▸ Your task
Every line of the data below should be repeated exactly, and no picture should be copied.

▸ Input data
'''

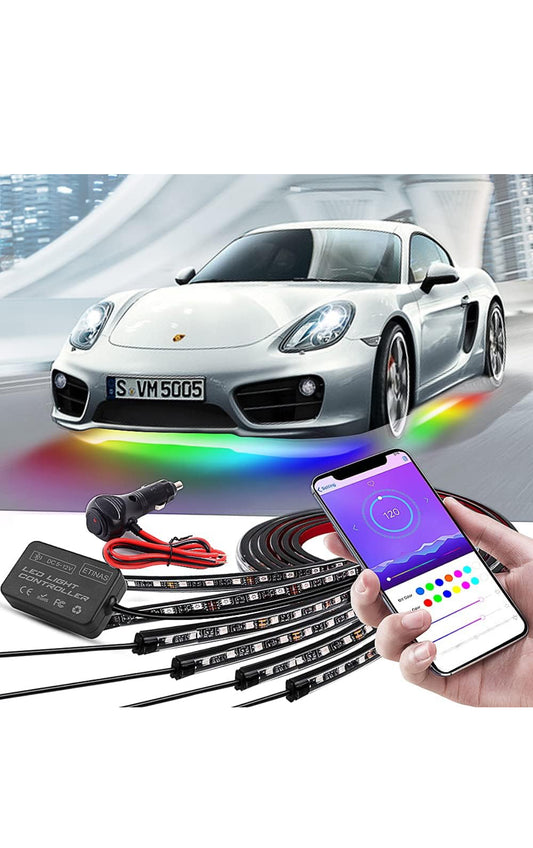 Dreamcolor UnderGlow LED Lights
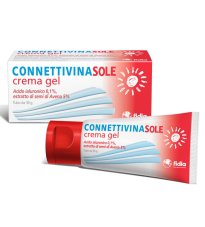 CONNETTIVINASOLE CREMA GEL 30G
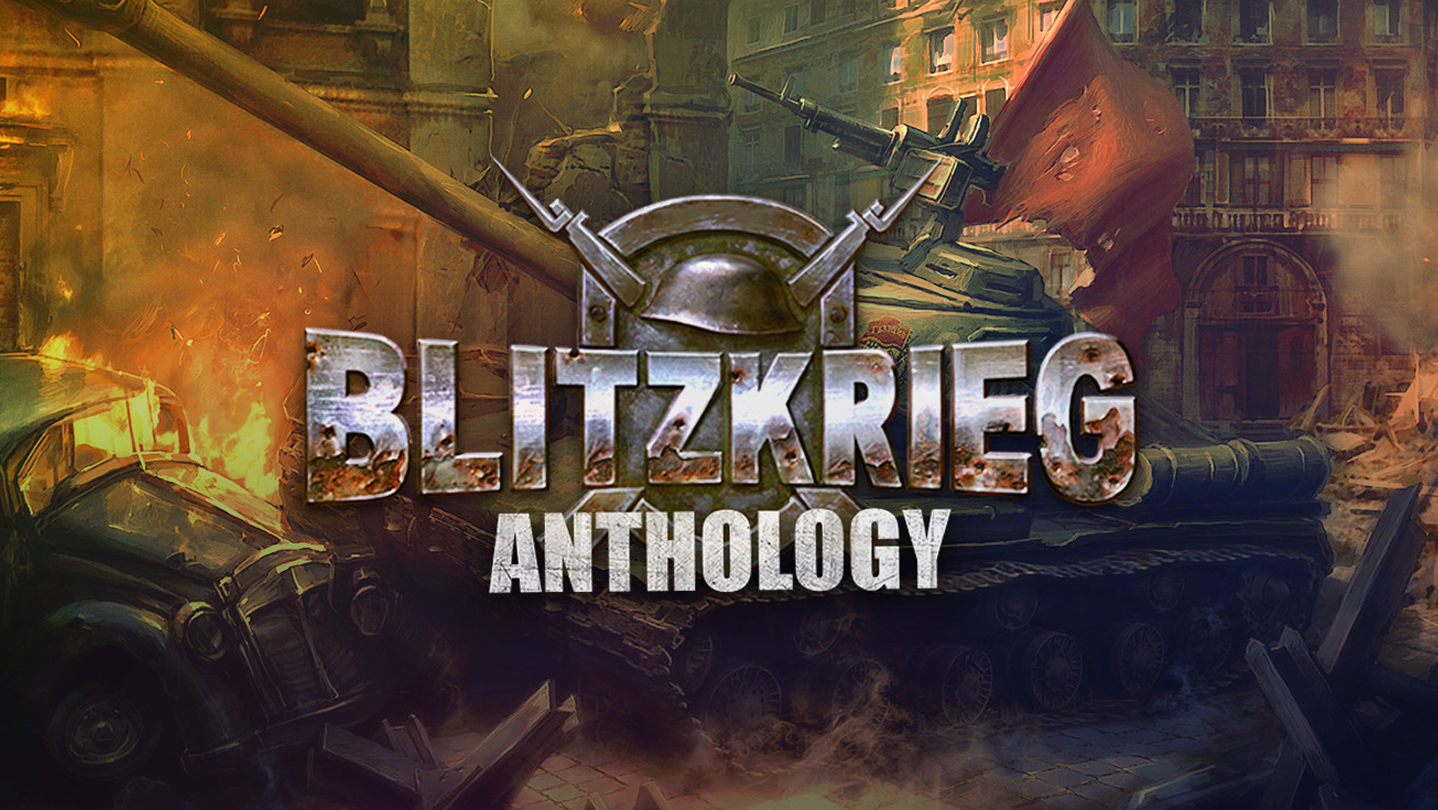 Steam：Blitzkrieg Anthology
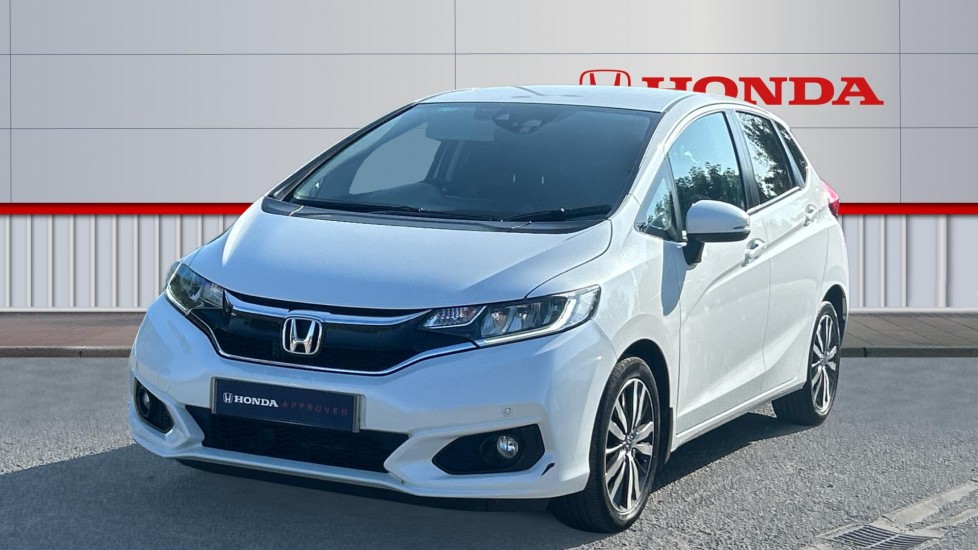 Honda Jazz 1.3 i-VTEC EX 5dr Petrol Hatchback - Image 10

'''

▸ Written solution
 Dreamcolor UnderGlow LED Lights
 CONNETTIVINASOLE CREMA GEL 30G
 Steam：Blitzkrieg Anthology
 Honda Jazz 1.3 i-VTEC EX 5dr Petrol Hatchback - Image 10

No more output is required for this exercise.